Verify your installation:

```bash
pickomino-play
```

## Play manually

Playing a few games manually is a great way to understand the rules and game dynamics
before training a Reinforcement Learning agent. Launch the game with the pygame GUI:

```bash
pickomino-play
```

To play against more bots:

```bash
pickomino-play --number-of-bots=3
```

Valid range: 1–6 bots.

To change the bot play speed, adjust the `RENDER_DELAY` constant in `constants.py`.
A higher value slows the bots down, a lower value speeds them up.

```python
RENDER_DELAY: Final[float] = 2
```

## Usage example

```python
import gymnasium as gym

# render_mode options:
#   None         — no rendering, fastest (default, recommended for training)
#   "human"      — pygame window, requires a display
#   "rgb_array"  — returns RGB array, useful for recording
env = gym.make("Pickomino-v0", render_mode="human", number_of_bots=2)

# Reset and get initial observation
obs, info = env.reset(seed=42)

# Run one episode
terminated = False
truncated = False
total_reward = 0

while not terminated and not truncated:
    # Agent selects action: (die_face, roll_choice)
    action = env.action_space.sample()  # Random action for demo
    # Step environment
    obs, reward, terminated, truncated, info = env.step(action)
    total_reward += reward
    if truncated:
        print(f"Invalid action: {info['explanation']}")

print(f"Episode finished. Total reward: {total_reward}")
env.close()
```

## Security & Bug Bounty

Found a bug? Valid reports are rewarded with a physical copy of the Pickomino board
game.

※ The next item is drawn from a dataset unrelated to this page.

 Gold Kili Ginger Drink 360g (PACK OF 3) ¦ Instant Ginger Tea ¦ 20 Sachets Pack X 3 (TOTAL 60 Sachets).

See [SECURITY.md](https://github.com/smallgig/Pickomino/blob/main/SECURITY.md) for scope, timelines, and how to
report.

## Resources

- **Game Rules:** [Pickomino Rulebook](https://github.com/smallgig/Pickomino/blob/main/pickomino-rulebook.pdf)
- **Play Online:** [Maarteen Poirot's Pickomino](https://www.maartenpoirot.com/pickomino/)
- **Play Board Game Arena:** [Pickomino with elo system](https://boardgamearena.com/14/pickomino?table=818236942)
- **Bot Strategy:** [How to Win at Pickomino](https://frozenfractal.com/blog/2015/5/3/how-to-win-at-pickomino/)
- **Repository:** [smallgig/Pickomino](https://github.com/smallgig/Pickomino)
- **Gymnasium:** [https://gymnasium.farama.org/](https://gymnasium.farama.org/)

## License

MIT License. See [LICENSE](LICENSE) for details.